For 2010 and 2011, you can contribute up to $5,000 -- plus another $1,000 if you're age 50 or older -- to an IRA. The limit applies to either a traditional IRA or to a Roth IRA, but you can't contribute the full amount to both. You can split your contribution between a traditional IRA and a Roth as long as your total contribution does not exceed the IRS limit.
Regardless of your participation in a 401k plan, all Roth IRA contributions are after-tax contributions. The IRS annually sets income limits restricting tax deductions for traditional IRA contributions if you have a 401k. For 2011, the limits have been slightly increased. If you are single, your income must be no more than $56,000 to deduct your entire IRA contribution. You can make a partial deduction if your income is less than $66,000. If you are married filing jointly, the income limit for a full deduction is $90,000 and up to $110,000 for a partial deduction.
Roth Income Limits
There are income limits on Roth IRA contributions regardless of your participation in a work pension plan. To make a full Roth contribution in 2011, your income must be no more than $107,000 if you are single and no more than $169,000 if you are married filing jointly. The range for partial contributions runs up to $122,000 for single taxpayers and $179,000 for married taxpayers.
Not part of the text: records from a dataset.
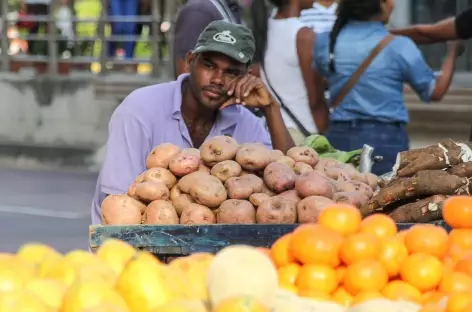 Petit marché à Carthagène - Colombie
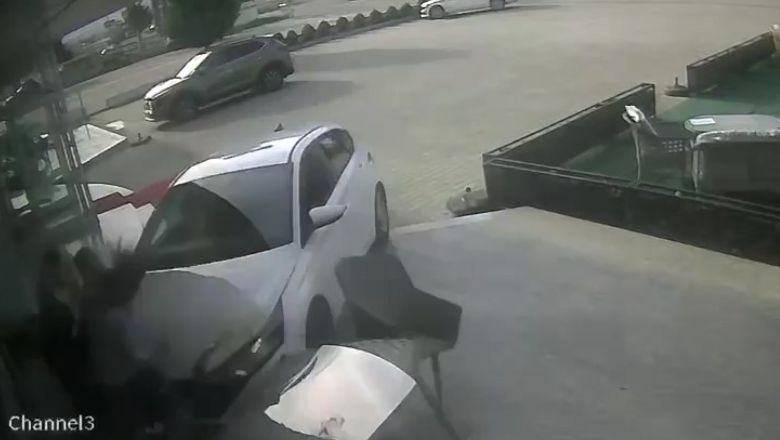 Her Şey Saniyeler İçinde Oldu! Motosiklete Çarpıp Mağazaya Daldı!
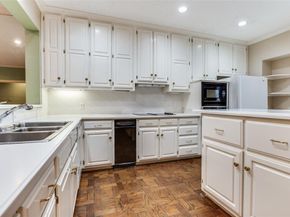 5082  Westgrove Drive , Dallas Texas 75248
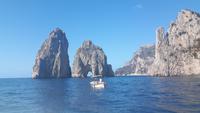 Insel Capri (Inselrundfahrt mit dem Schiff) - Faraglioni-Felsen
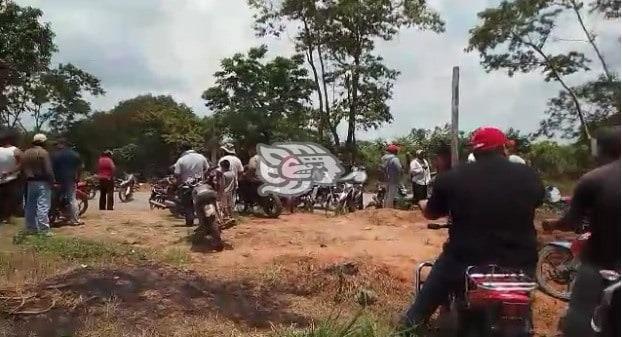 Policía municipal de Playa Vicente genera violencia en bloqueo contra Pemex 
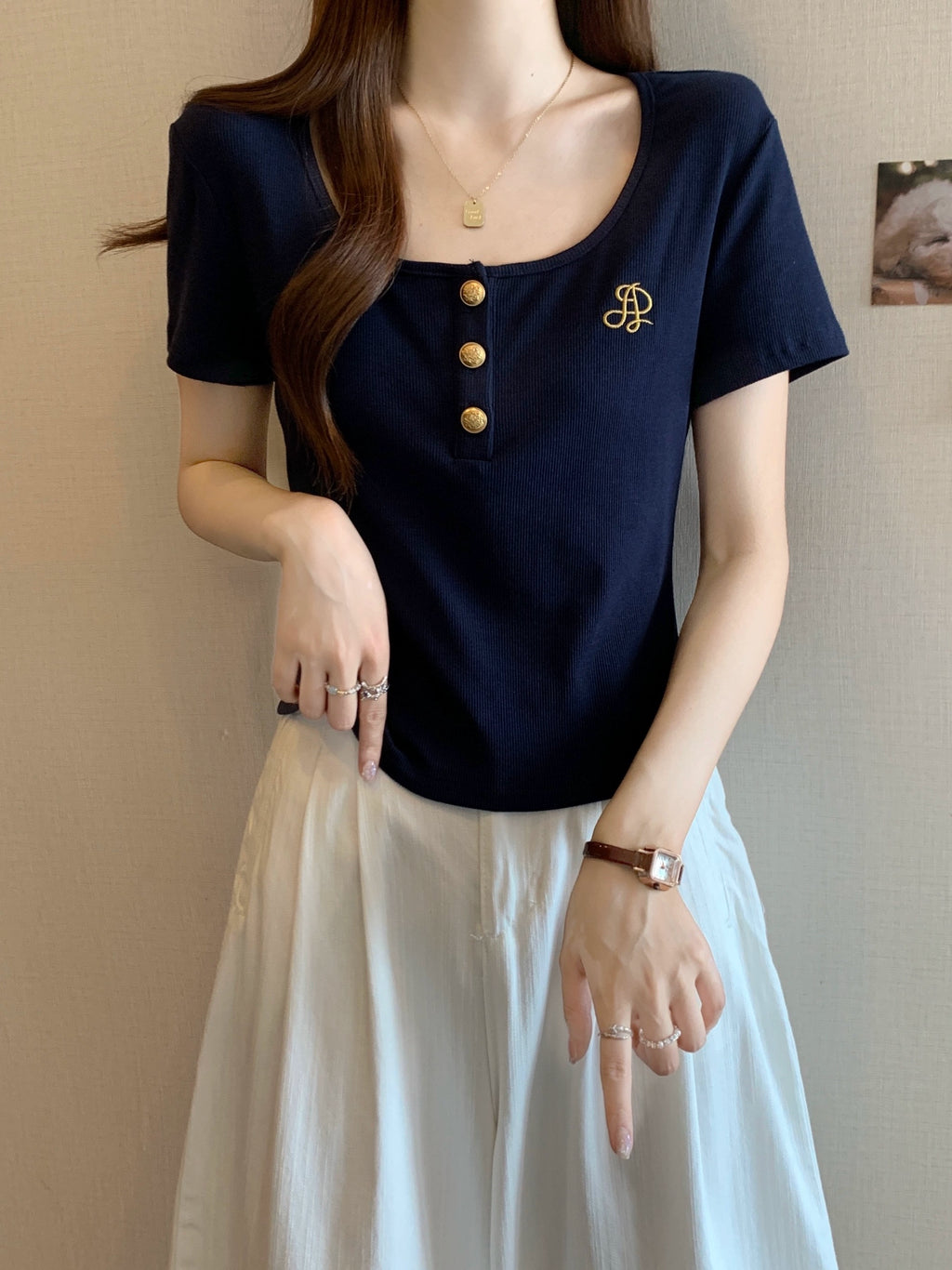 ゴールドボタンロゴリブTシャツ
There are no income restrictions for after-tax contributions to a traditional IRA. So, if your income is too high to make a Roth contribution, you can put money in an after-tax traditional IRA instead. The earnings on those contributions can grow tax-deferred, and you will pay taxes only on the investment growth -- not the contribution -- when you take a distribution. Beginning in 2010, though, the income restrictions regarding conversions from a traditional IRA to a Roth were lifted . So, you can make an after-tax traditional IRA contribution and convert it immediately to a Roth. It's important that you closely follow IRS guidelines for IRA conversions.
You can make IRA contributions for any tax year until your tax-filing deadline. That's April 18, 2011, for Tax Year 2010 or Oct. 17, 2011, if you file for an extension. Make sure your IRA administrator knows the tax year to which your contribution should be credited.